In the House, Democratic Majority Leader John Richardson of Brunswick said he was aware that numerous families would be directly affected by the military conflict, since many Mainers in the armed services already have been deployed overseas.
“If we are going to ask these Mainers to put their lives in jeopardy, let’s be sure that we have taken the proper path and that we have exhausted all reasonable opportunities to preserve peace in the region,” Richardson said.
“As Senators Olympia Snowe and Susan Collins have said, ‘Let inspections work, and let’s build a coalition of support rather than unilaterally and hastily jumping into world war with Iraq.'”
One resolution proponent, Sen. Chris Hall, D-Bristol, had to renounce his British citizenship to become an American. Acknowledging that life changed for all U.S. citizens after terrorist attacks on the World Trade Center, Hall said Americans have a choice: to be loved or feared.
“We can never defeat terrorism through the choice of being feared,” he said. “Fear breeds hatred and hatred breeds terrorism. Leadership requires the followership of the rest of the world. Without followers we are not a leader, we are merely isolators.”
Republicans were virtually invisible during Thursday’s anti-war resolution news conference. Later, Sen. Chandler Woodcock, a Farmington Republican and assistant Senate minority leader, said he was offended by the remarks of Strimling and others. A Vietnam War veteran, Woodcock said the president has good intelligence on Saddam’s weapons of mass destruction program.
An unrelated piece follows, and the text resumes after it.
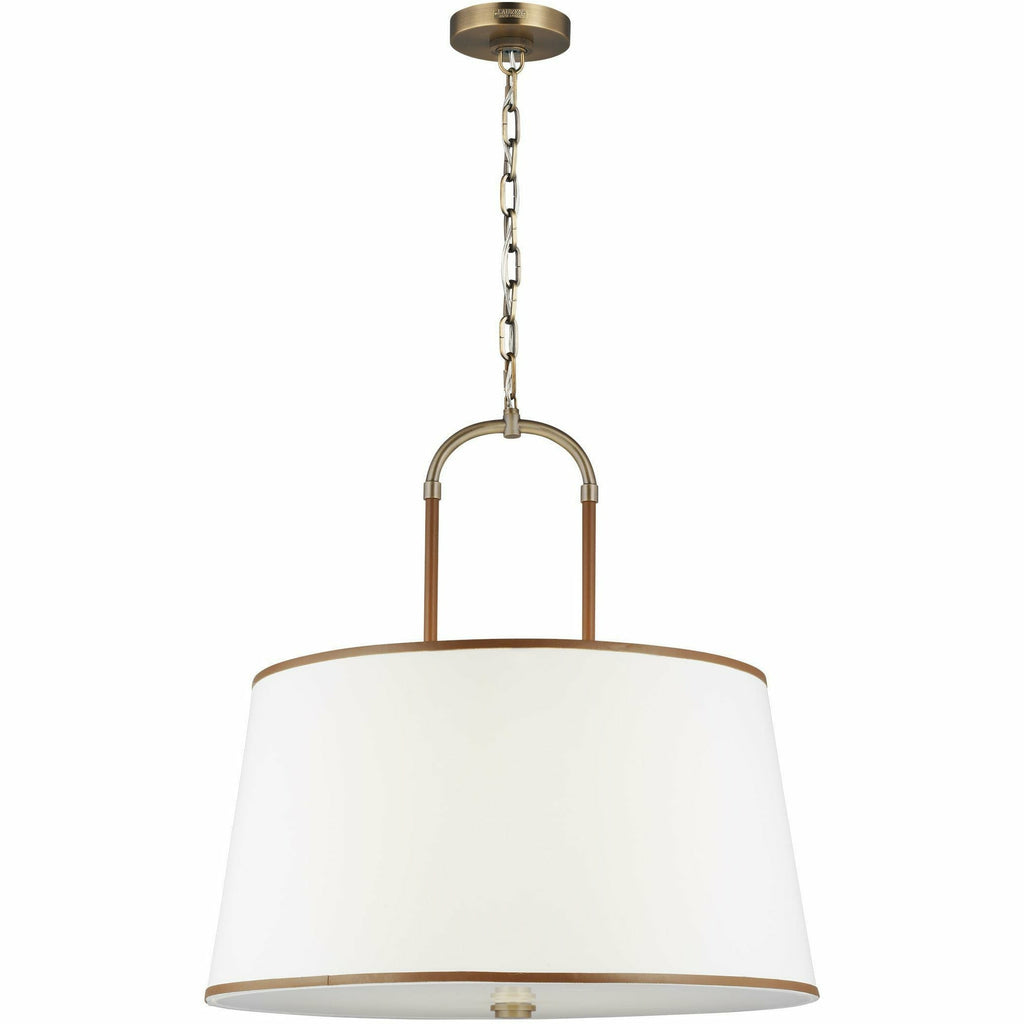 Katie Pendant - Light House Co.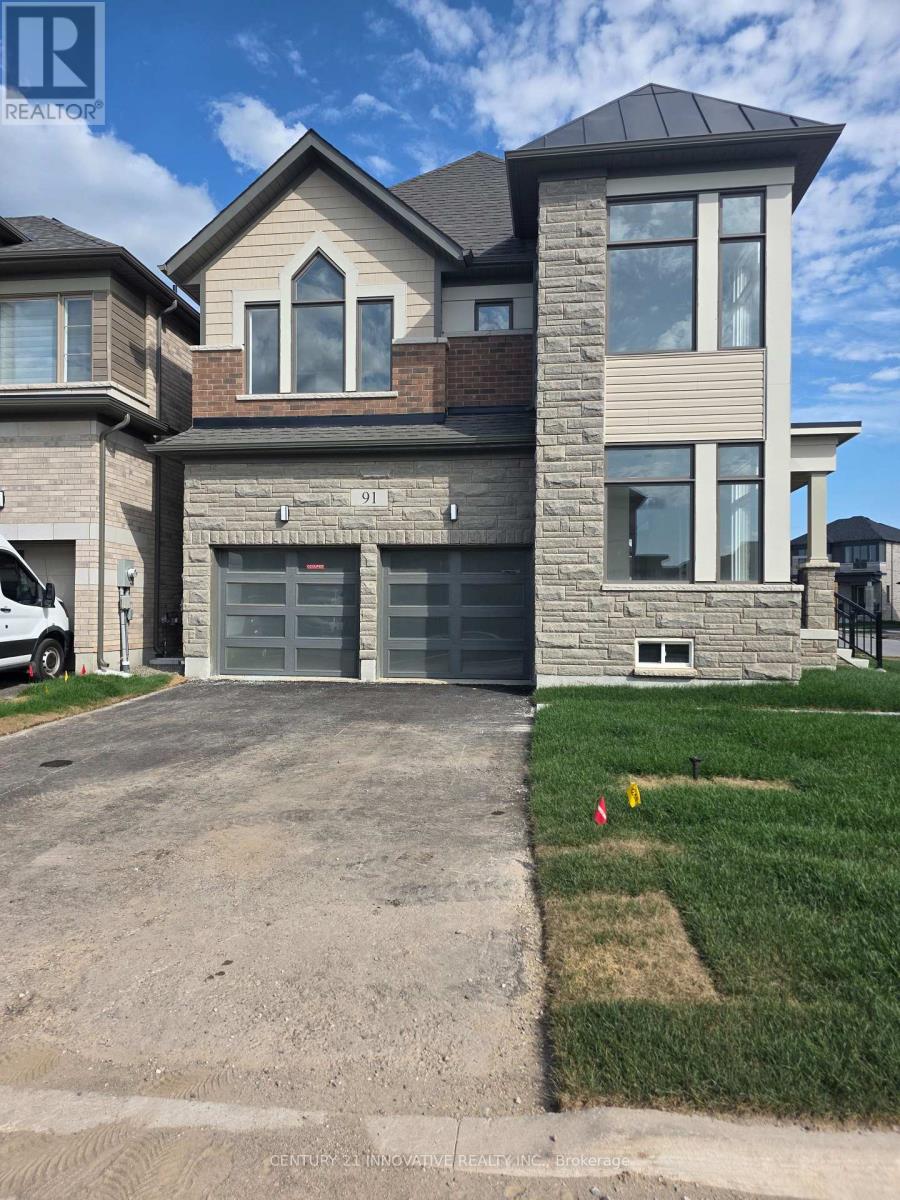 Property at 91 PLAYER DRIVE image 2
“Saddam Hussein is a serious concern for us all,” he said. “History has shown that small dictators in obscure areas of the world can become quite powerful.”
House Republican leader Joe Bruno of Raymond said regardless of his personal opinion on the merits of military action in Iraq, the resolution proposed by Strimling and Richardson was a clear example of a matter that should be out of bounds for the Legislature.
“Is the Legislature really in a position to say that military action does more to threaten the stability of the Middle East region than a continued Hussein-led Iraq?” Bruno asked in a prepared statement. “Have Maine’s ambassadors reported back that all world leaders are opposed to unilateral action? If not, are we really in a position to claim such as part of this resolution?”
The answer to Bruno’s question was an obvious yes from Thomas Sturtevant, spokesman for Maine Veterans for Peace, Greg Fields of Peace Action Maine and Rep. John Eder of Portland, the Legislature’s lone Green Party member.
“We don’t want this war,” Eder said. “Once again the working men and women of Maine are being sent off to lay down their lives in a grab for oil riches that they will never see. Our state has a terrible budget shortfall, people are losing their jobs, whole industries are shutting down, and people are struggling to pay for their housing, heat and education. Yet, the Washington establishment is prepared to squander billions on a reckless war that is against our best interests.”